WORKING DATA:
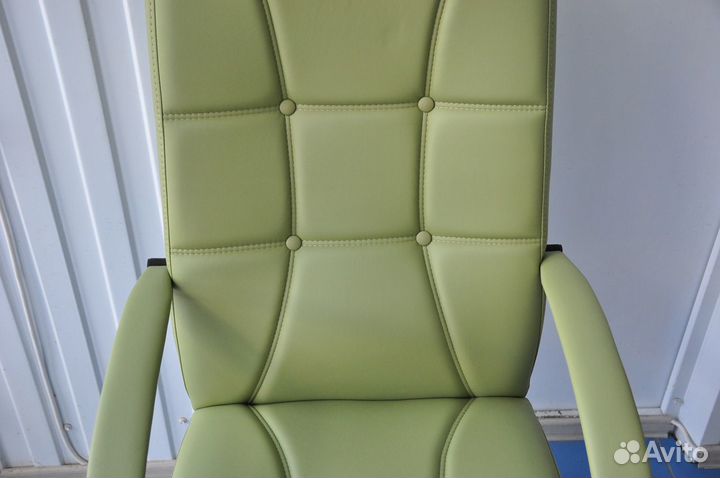 Офисное кресло 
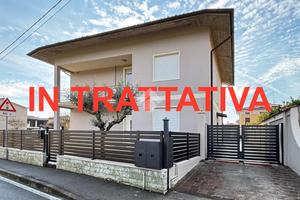 PORZIONE DI BIFAMILIARE A RODENGO SAIANO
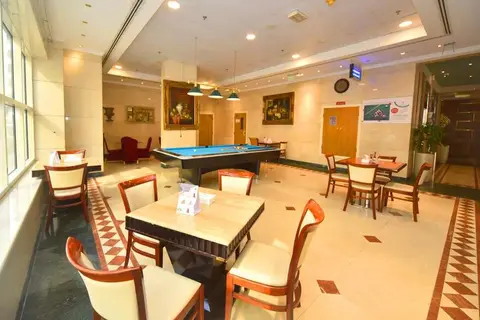 Nejoum Al Emarat Hotel in Sharjah — foto 7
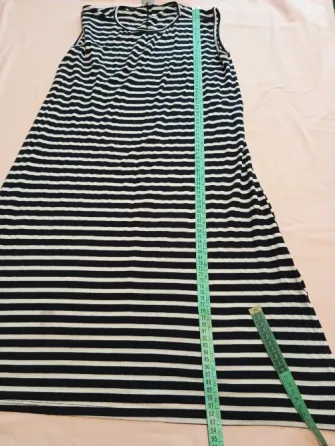 Vestido básico, cuello redondo, breteles anchos y aberturas Floresta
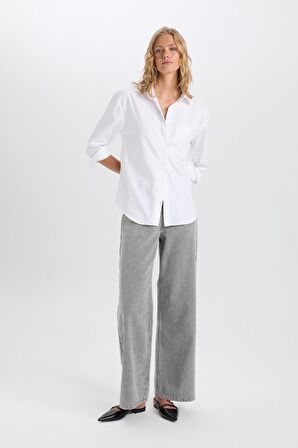 DeFacto Oversize Geniş Kalıp Cepli Basic Düz Poplin Uzun Kollu Beyaz Gömlek D3129AX24AUWT34
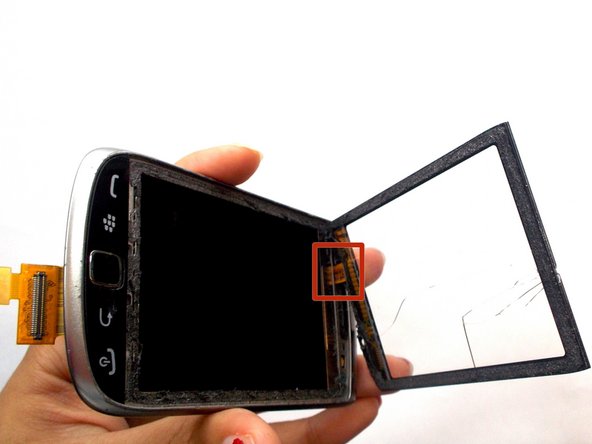 Blackberry Torch 9810 Screen Replacement, Remove the Digizer: crwdns2935265:013crwdnd2935265:02crwdnd2935265:02crwdne2935265:0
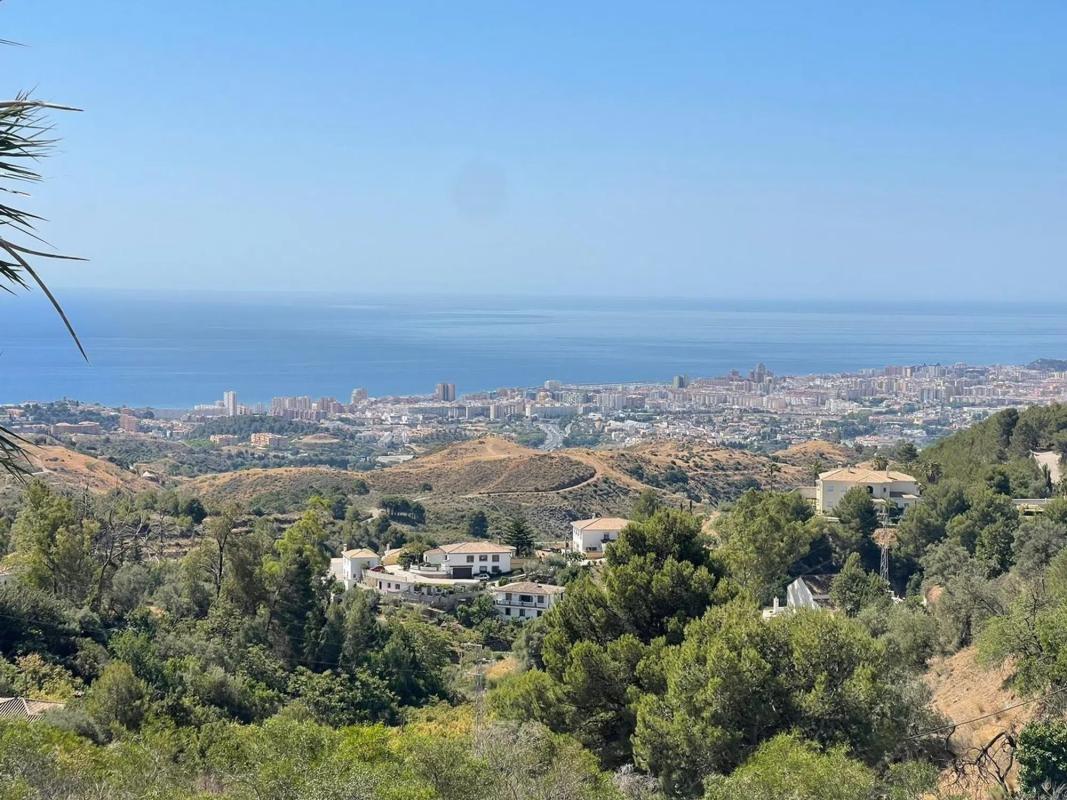 Działka na sprzedaż w Fuengirola, Malaga photo 1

TASK REQUIREMENTS:
Each entry gets copied exactly; the pictures stay out.

RESULT OF THIS TASK:
 Офисное кресло 
 PORZIONE DI BIFAMILIARE A RODENGO SAIANO
 Nejoum Al Emarat Hotel in Sharjah — foto 7
 Vestido básico, cuello redondo, breteles anchos y aberturas Floresta
 DeFacto Oversize Geniş Kalıp Cepli Basic Düz Poplin Uzun Kollu Beyaz Gömlek D3129AX24AUWT34
 Blackberry Torch 9810 Screen Replacement, Remove the Digizer: crwdns2935265:013crwdnd2935265:02crwdnd2935265:02crwdne2935265:0
 Działka na sprzedaż w Fuengirola, Malaga photo 1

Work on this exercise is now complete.